Appearing on the "Laura Ingraham Show, " Bachmann addressed all the liberal hyperventilating that occurred after her gaffe about Lexington and Concord being in New Hampshire rather than Massachusetts (video follows with transcript and commentary):
RAYMOND ARROYO, GUEST HOST: Are you surprised by the ferocity of the criticism over this?

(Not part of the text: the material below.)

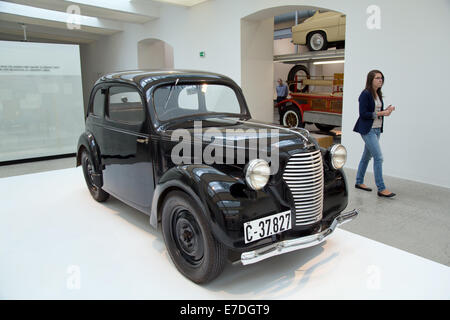 Mladá Boleslav, Tschechien, Skoda Museum direkt neben dem Hauptwerk von Skoda Stockfoto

REPRESENTATIVE MICHELE BACHMANN (R-MINNESOTA): No, no not at all, because we all know there's a double standard in the media. And of course when President Obama said that there had been a tornado in Kansas, and 10,000 people had been killed, that wasn’t considered newsworthy when he was campaigning for president. And then he said that he was in 57 states and he was on his way to the 58th, and of course that wasn’t considered newsworthy, because as we all know, the 3,400 members of the mainstream media are part of the Obama press contingent. And this is just what we get. So it doesn’t matter which conservative is out there, if, if, if a error is made, in any way, that’s what is stated. They didn’t talk about the great crowds, the standing ovations, the wonderful time that we had in New Hampshire, and that is just the way it goes. I think that that is what we as conservatives understand.
ARROYO: Yeah, or when President Obama said the military corpse were before him instead of the mili, the Marine Corps.
ARROYO: But that, too, escaped coverage.
BACHMANN: Right, it’s not considered interesting. Right, it’s not, only if a conservative makes a misstep is it considered interesting.
Despite her misstep this weekend, Bachmann was spot on with her commentary Tuesday.
The microscope conservatives are under - especially female conservatives - is possibly like nothing we've ever seen. If Democrats were judged this keenly, the gaffe machine of Obama-Biden would never have won in 2008.
Sadly, this double standard is going to continue, which means that for someone like Bachmann to advance in her political career, she's going to have to pitch a perfect game.
That may be asking too much, but in this era of advocacy journalism, it's the harsh reality.